*Description of the task*
Give the records again exactly. Pictures do not belong in the copy.

(Records for the task begins)

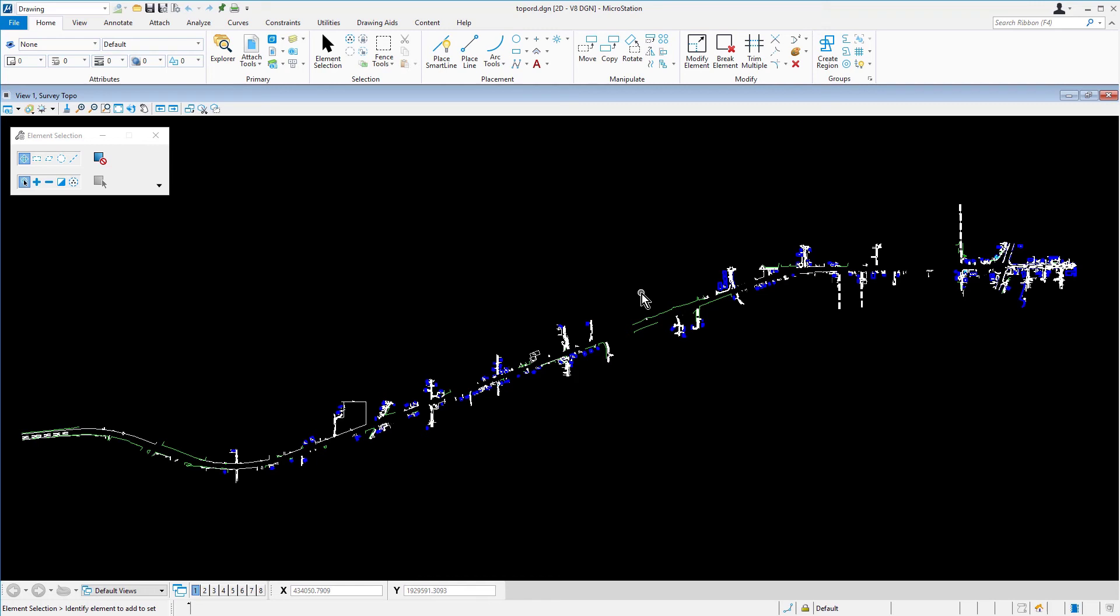Each subsequent time the file is opened, MicroStation will verify that this is the active workspace work set. If not, the user will be prompted to activate this workspace work set.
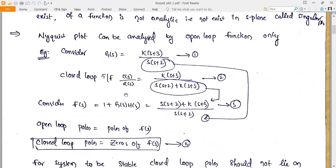Now, how is the Nyquist plot analyzed? I am taking an open-loop transfer function G(s) = k(s+3) / [s(s+2)] as equation 1. For the same open-loop function with unity feedback (H(s)=1), the closed-loop transfer function is G(s) / [1 + G(s)H(s)], which gives k(s+3) / [s(s+2) + k(s+3)] as equation 2.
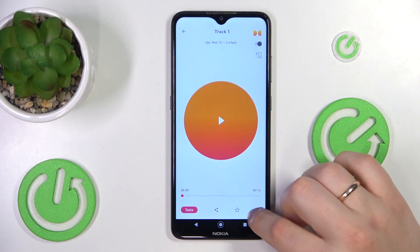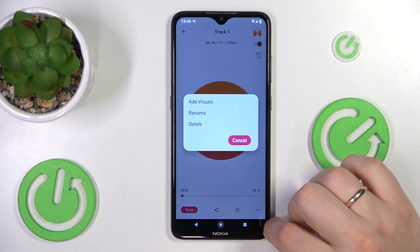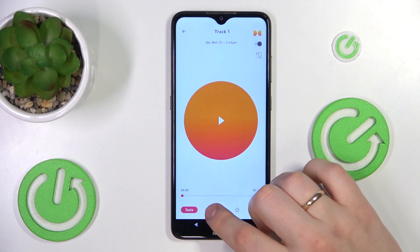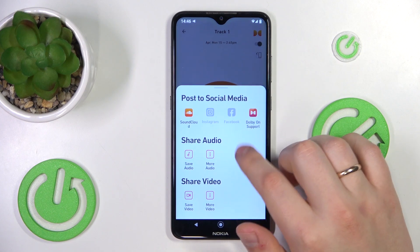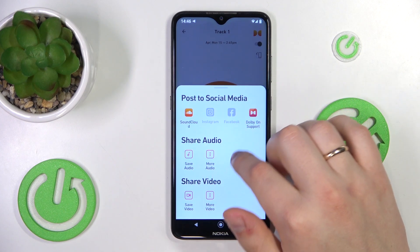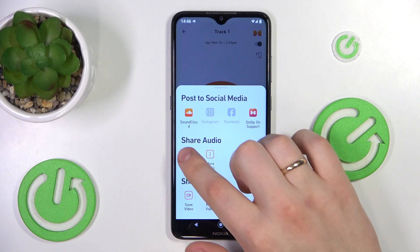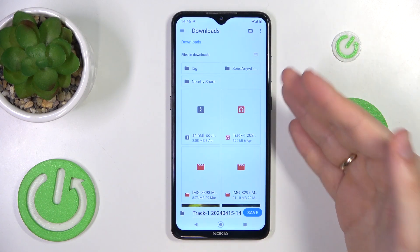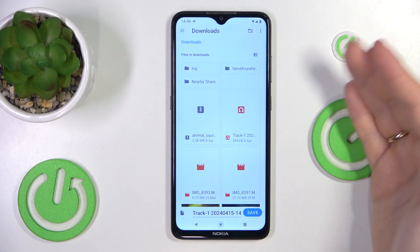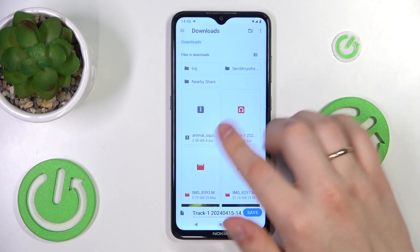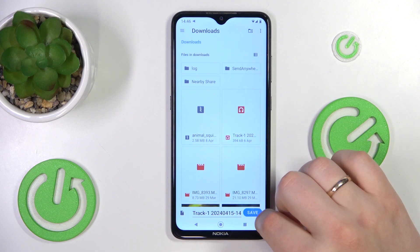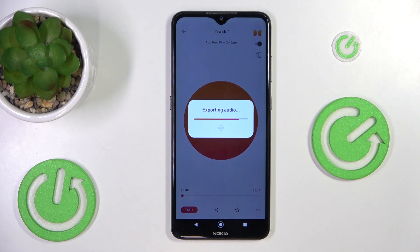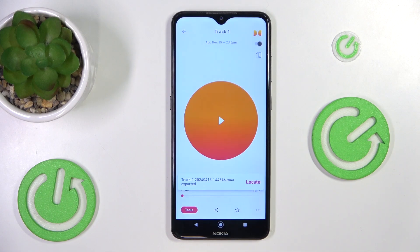Open it, then tap the share button, and amongst the share options select 'Save Audio.' Choose the path you would like to save it to — I'll just save it to my device's downloads — and wait until the audio gets exported.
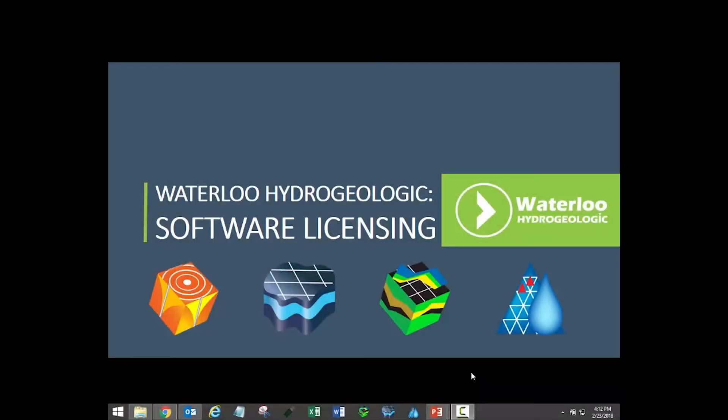Thank you for purchasing a software license from Waterloo Hydrogeologic, the developers of Visual Modflow Flex, AquaChem, Aquifer Test Pro, and Hydrogeo Analyst.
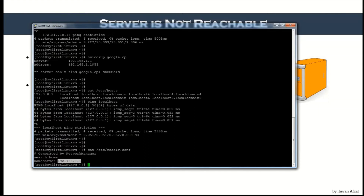In our case, the nameserver is 192.168.1.1 — this is the IP address of my modem or router, which also serves as my local DNS server. It tells the machine: every time you need to resolve something, go to this address. I have verified it is there.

(Records for the task ends)

*Written solution*
Each subsequent time the file is opened, MicroStation will verify that this is the active workspace work set. If not, the user will be prompted to activate this workspace work set.
Now, how is the Nyquist plot analyzed? I am taking an open-loop transfer function G(s) = k(s+3) / [s(s+2)] as equation 1. For the same open-loop function with unity feedback (H(s)=1), the closed-loop transfer function is G(s) / [1 + G(s)H(s)], which gives k(s+3) / [s(s+2) + k(s+3)] as equation 2.
Open it, then tap the share button, and amongst the share options select 'Save Audio.' Choose the path you would like to save it to — I'll just save it to my device's downloads — and wait until the audio gets exported.
Thank you for purchasing a software license from Waterloo Hydrogeologic, the developers of Visual Modflow Flex, AquaChem, Aquifer Test Pro, and Hydrogeo Analyst.
In our case, the nameserver is 192.168.1.1 — this is the IP address of my modem or router, which also serves as my local DNS server. It tells the machine: every time you need to resolve something, go to this address. I have verified it is there.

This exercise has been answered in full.